TEMPO.CO, Surabaya - Kepala Polri Jenderal Badrodin Haiti menegaskan bahwa tiga polisi di Lumajang, Jawa Timur, bisa dijerat dengan pasal pidana bila terlibat gratifikasi dalam kasus tambang pasir liar di Desa Selok Awar-awar, Pasirian. Kasus itu mencuat setelah terjadi penganiayaan yang dialami dua warga penentang tambang yang satu di antaranya, yakni Salim alias Kancil, tewas.
“Meskipun jumlahnya kecil, bisa disebut gratifikasi,” kata Badrodin ketika mengunjungi Markas Kepolisian Daerah Jawa Timur, Selasa, 10 November 2015.

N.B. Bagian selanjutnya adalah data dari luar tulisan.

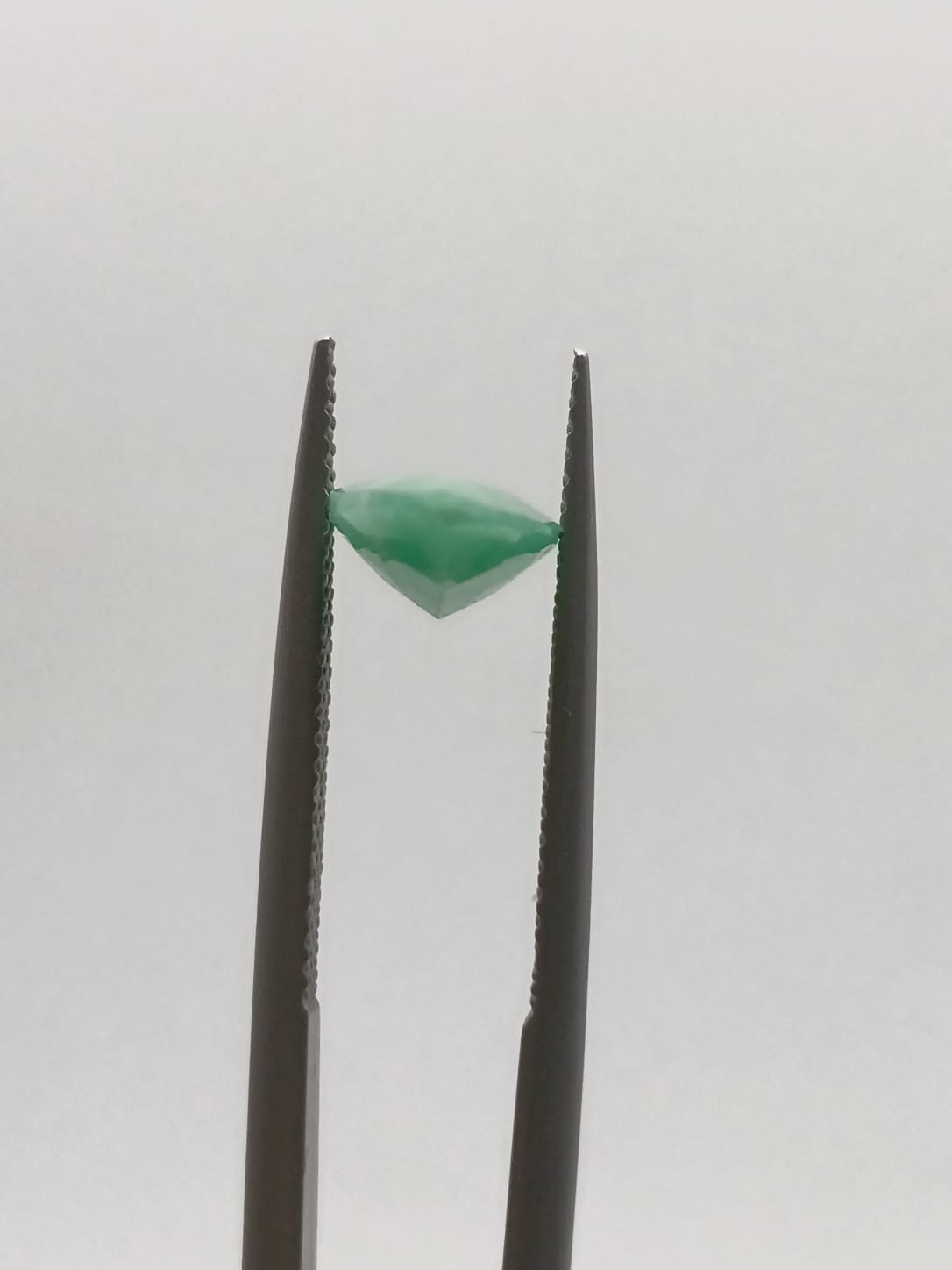 Esmeralda brasileña en forma de gota de 2.00ct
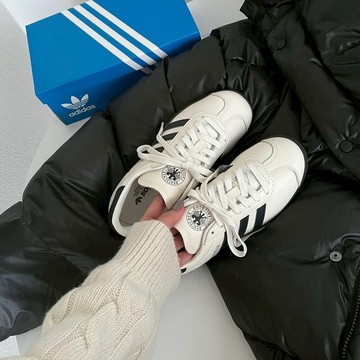 ADIDAS GAZELLE "OFF WHITE & UTILITY BLACK" ID3719| NINES |  LINE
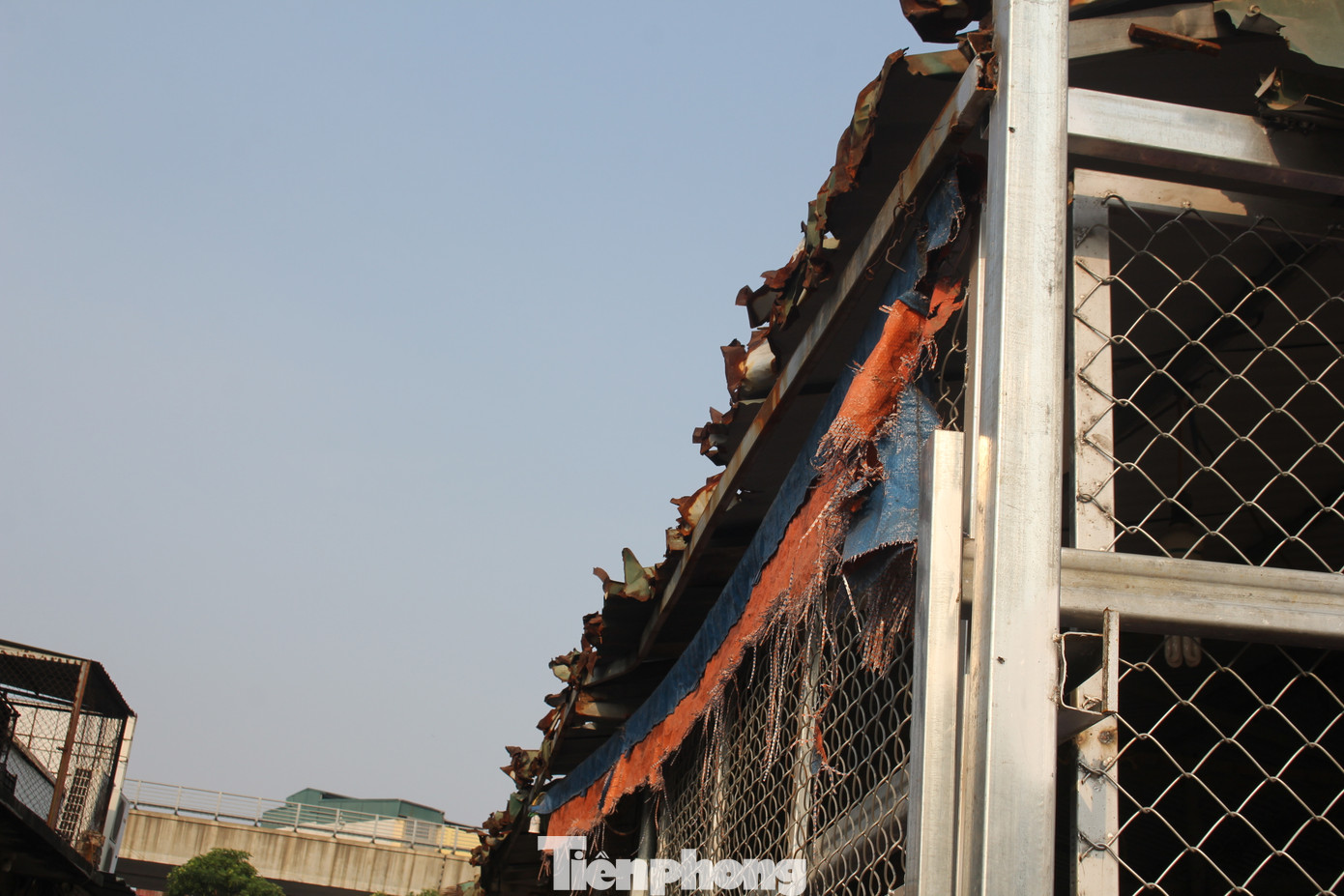 Chống cột của gian hàng xiêu vẹo trong khi mái tôn han gỉ, tả tơi.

Tiga polisi itu adalah mantan Kepala Polsek Pasirian, yang kini menjadi Kepala Sub-Bagian Pengendalian Operasi Polres Lumajang, Ajun Komisaris Sudarminto; Kepala Unit Reserse Kriminal Ipda Samsul Hadi; serta Babinkamtibmas Aipda Sigit Pramono. Ketiganya telah diputus bersalah menerima pungutan liar dari aktivitas tambang liar itu dalam sidang disiplin pada 19 Oktober 2015.
Dalam putusan tersebut, ketiga polisi dijatuhi hukuman, yaitu teguran tertulis, mutasi demosi (mutasi ke luar wilayah semula), dan penempatan kusus di sel tahanan selama 21 hari. Namun, Badrodin menjelaskan, putusan atas pelanggaran itu bukan berarti ketiganya melanggar pidana. "Kalau pelanggaran pidana, sudah pasti pelanggaran kode etik," katanya.

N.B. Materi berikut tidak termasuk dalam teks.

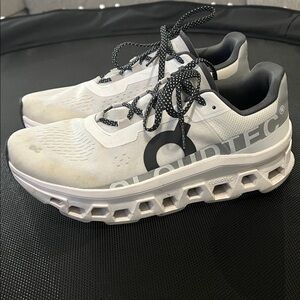 On Running Cloudmonster Women’s Shoes
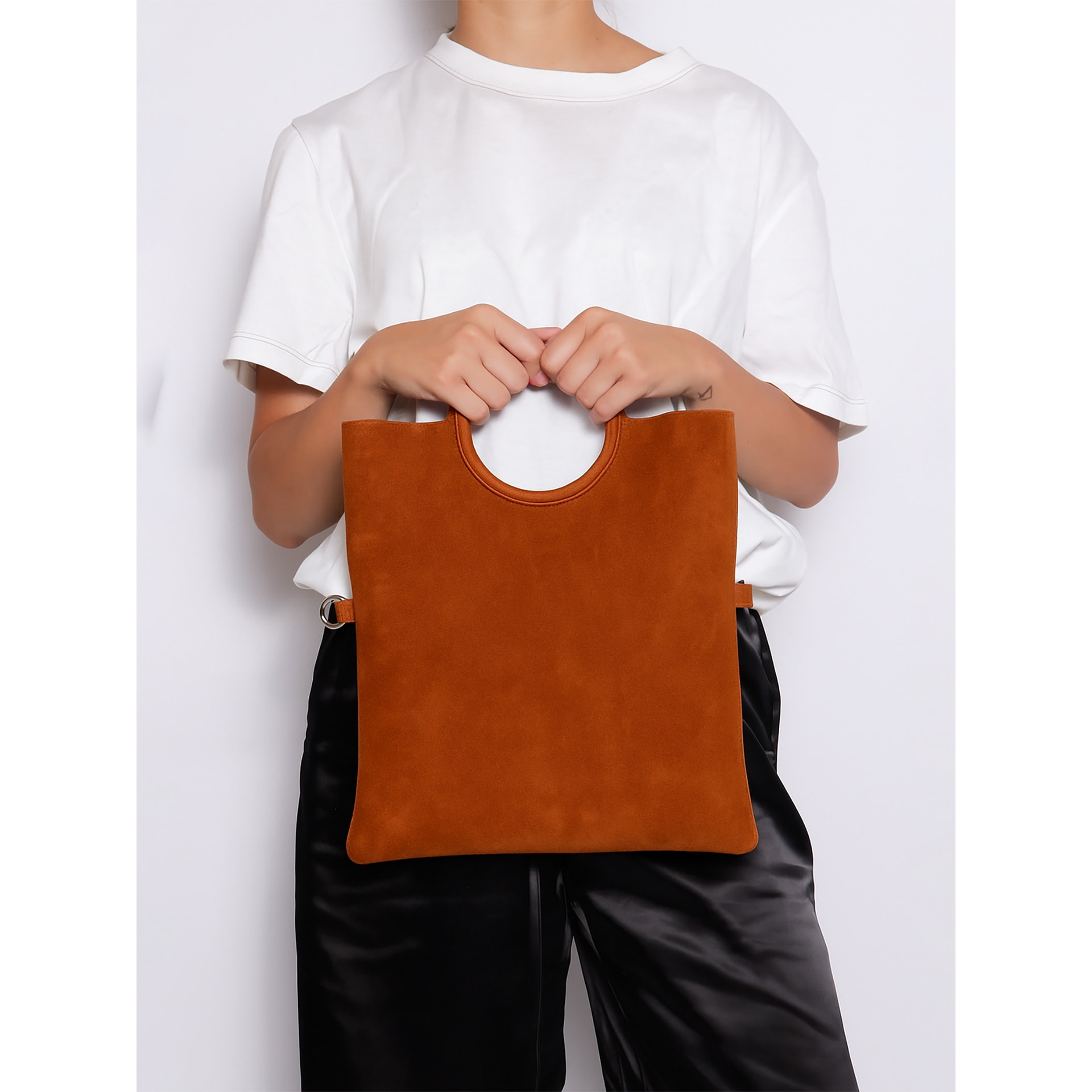 Borsa a mano da donna Made in Italy - Modello Zelia - Pelle scamosciata - 29.0 x 30.0 x 1.0 cm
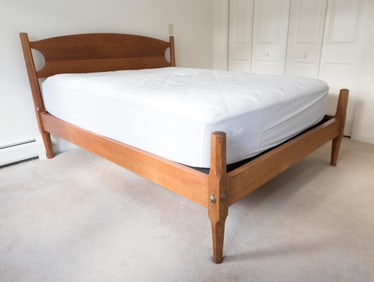 THOMAS MOSER CHERRY QUEEN BED.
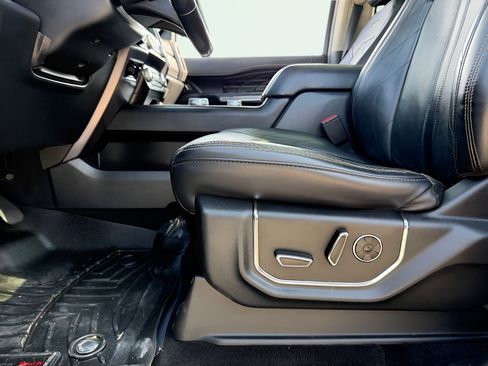 Used 2019 Ford Expedition Max Platinum AWD/4WD image 19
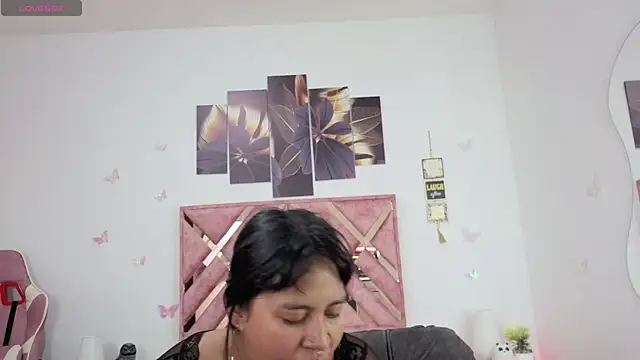 Snapshot of Candy_Chloe02 chatting on 05-22-26, 04:54 Candy Chloe02 online show from 05-22-26, 04:54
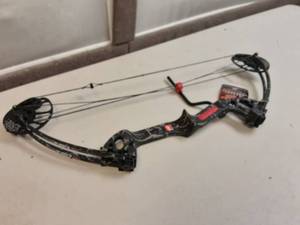 lot 37 image: New PSE Mini Burner Youth Compound Bow Right Handed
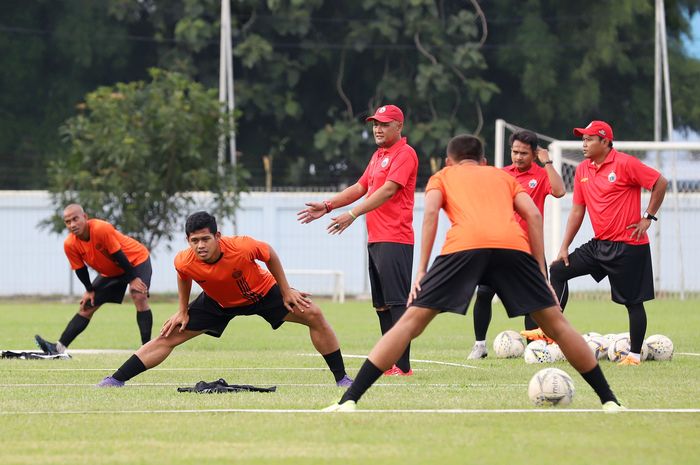 Sejumlah pemain Persija Jakarta saat mengikuti sesi latihan perdana di Lapangan PSAU Sutasoma Halim Perdanakusuma, Jakarta Timur, Senin (13/1/2020). Latihan perdana tersebut guna menyongsong Liga 1 2020. Tribunnews/Jeprima 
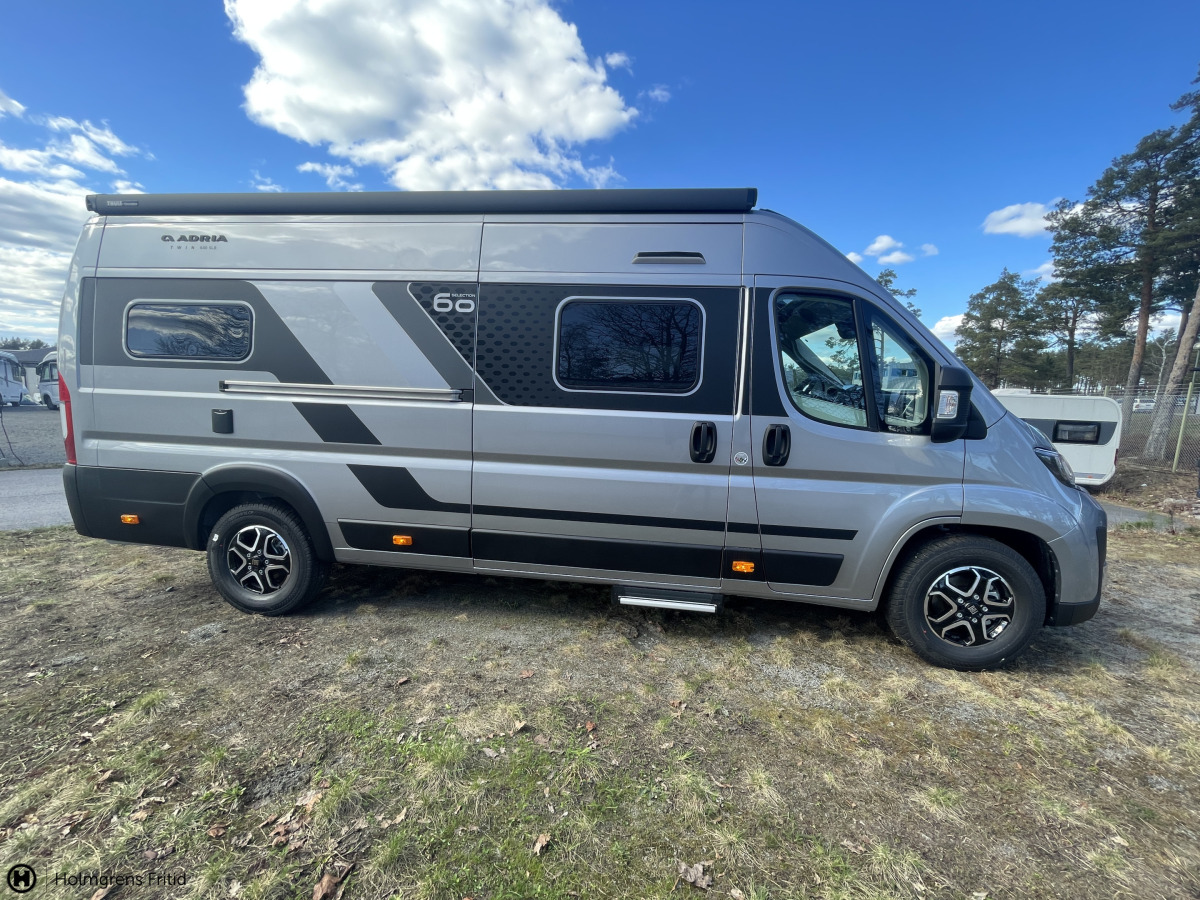 Adria TWIN 640 SLB 60Y TRUMA VÄRME LÅNGBÄDDAR, bild 2 av 24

Secara terpisah, juru bicara Polda Jawa Timur, Komisaris Besar Argo Yuwono, mengatakan belum ada pemeriksaan kembali terkait dengan dugaan adanya gratifikasi terhadap Sudarminto dkk. “Adanya gratifikasi, biar penyidik yang membuktikan,” ujarnya.

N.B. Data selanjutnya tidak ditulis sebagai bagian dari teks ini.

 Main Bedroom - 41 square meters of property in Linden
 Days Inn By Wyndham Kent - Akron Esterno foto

Kasus ini bermula dari peristiwa penganiayaan yang mengakibatkan tewasnya Salim pada 26 September 2015. Dari pemeriksaan tersebut, polisi menangkap Haryono, kepala desa, dan puluhan tersangka lain dalam berbagai kasus, yakni penganiayaan, pembunuhan, penambangan liar, dan pencucian uang.
Haryono lalu mengungkapkan adanya keterlibatan beberapa oknum polisi dan pejabat. Di antaranya Sudarminto dkk itu. Belum jelas juga apakah putusan dari sidang disiplin itu sudah dieksekusi terhadap ketiganya.